* **PROBLEM REQUIREMENTS**
With the pictures omitted, set down exactly the lines from the one that contains "CD Jolie Top" through the last line of the data.

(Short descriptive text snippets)
════════════════════

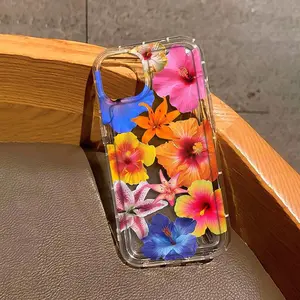 Floral Pattern Clear Phone Case, Anti-slip & Shockproof Phone Protective Cover, Phone Accessory Compatible with iPhone 15 14 13 12 11 Pro Max, Flower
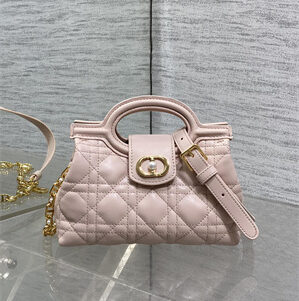 CD Jolie Top Handle Mini Bag Cannage Lambskin Powder Pink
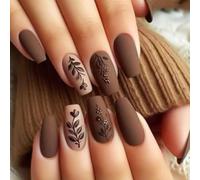 24pcs Prensa En Clavos Con Hojas Y Esteras Florales Uñas Falsas Cubiertas Completo Uñas Artificiales Pegamento En Uñas Para Mujeres Niñas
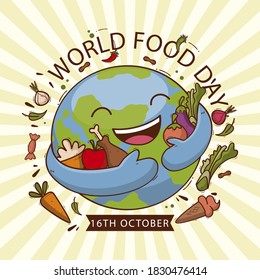 World Food Day Celebration Concept vector, Social Media post design of World food day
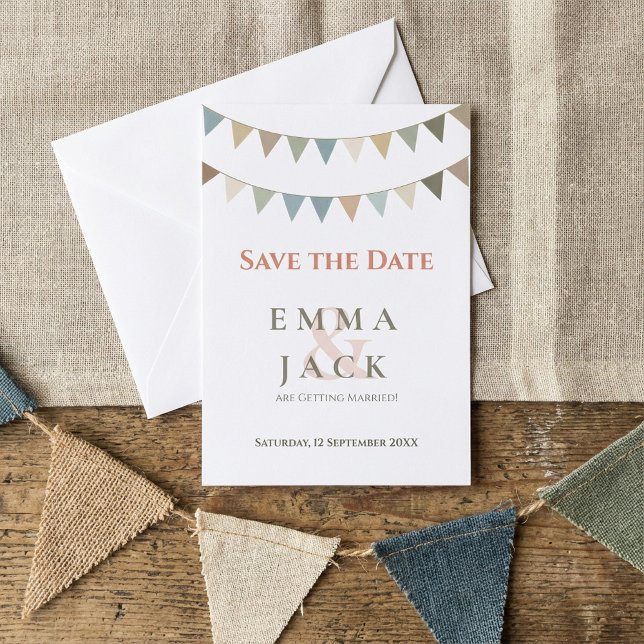 Reserve A Data Casamento macio salve a data (Soft bunting wedding save the date.)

════════════════════

* **FINAL ANSWER**
 CD Jolie Top Handle Mini Bag Cannage Lambskin Powder Pink
 24pcs Prensa En Clavos Con Hojas Y Esteras Florales Uñas Falsas Cubiertas Completo Uñas Artificiales Pegamento En Uñas Para Mujeres Niñas
 World Food Day Celebration Concept vector, Social Media post design of World food day
 Reserve A Data Casamento macio salve a data (Soft bunting wedding save the date.)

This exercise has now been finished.